In Royal’s characteristically hesitant and unsettling verse, the poet self-consciously struggles to liberate herself into being in lyric poem after poem. Often the poet’s skin is represented in association with paper or writing. In ‘Melting Ice’ the poet is ‘blue cellophane’; in ‘Trying to Write a Romance Novel’ she is ‘the inkling of myself’. ‘In Motion’ describes the poet’s project as one of ‘opening spaces with my mouth.’

Certainly Royal is a poet who can be brilliantly ‘mouthy’ and often in a feminist mode. In the beautifully sarcastic ‘Mirror Stage’ – the title a nod to psychoanalyst Jacques Lacan’s theory of identity formation – we read: ‘I open my mouth to create a new void … somewhere down below, perhaps it’s that endless / pit you eagerly spoke of as I sat on the bed / adjusting my thighs to ease boredom.’ ‘Hey Lady’ – heir to Sylvia Plath’s ‘The Applicant’ – riffs on the epithets associated with femininity, rejecting the ‘space for miss’ available on a form.

Thus Royal’s poems refuse self-identification even as they seek self-expression. This is apparent in the literariness of the poet’s self-stylings (with many poems featuring citations), in the fragmentary style of many of the poems, in their wit and dynamism, and in the transformations they often thematically play out. Typically, the persona of the poet dissolves or multiplies. In ‘The Wreck & the Raft’, which rewrites a passage from John Fowles’s The Aristos and pays tribute to a poem by Judith Goldman, the poet outlines the seven women who inhabit her psyche: the pessimist, the egocentric, the observer (the one ‘writing poetry’), the optimist, the altruist and the stoic, all of them trying to ‘ignore the crying / child — conceived in the breast of the beast / staggering to carry us up the stairs.’
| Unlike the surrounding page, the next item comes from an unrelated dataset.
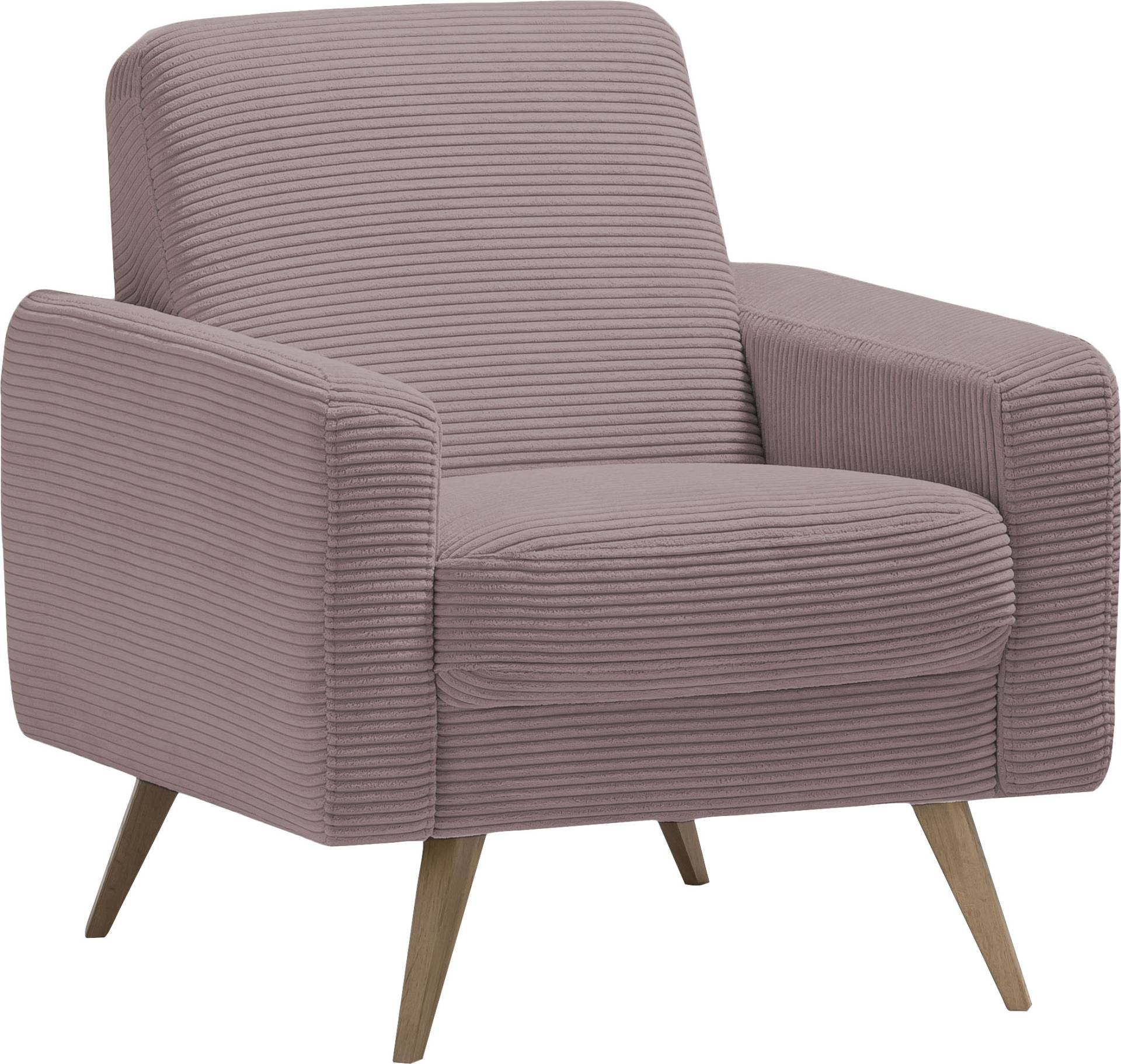 exxpo - sofa fashion Sessel »Samso, Loungesessel«, elegant und bequem, aktueller Cord Bezug exxpo - sofa fashion Sessel »Samso, Loungesessel«, elegant und bequem, aktueller Cord Bezug von exxpo - sofa fashion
Royal’s poems feature dedications to other poets too, such as Adrienne Rich, Plath and Anne Sexton. Royal’s work owes much to that intimate and edgy tradition of verse, but her voice is also her own: unpredictable, startling, sometimes devastating, but never self-piteous. Indeed, to return to the ironic personae of ‘The Wreck & the Raft,’ one might say that it is the optimist who triumphs with this book. As announced by the eponymous and final poem, this collection ultimately represents the exciting awakening and rise of a new poet.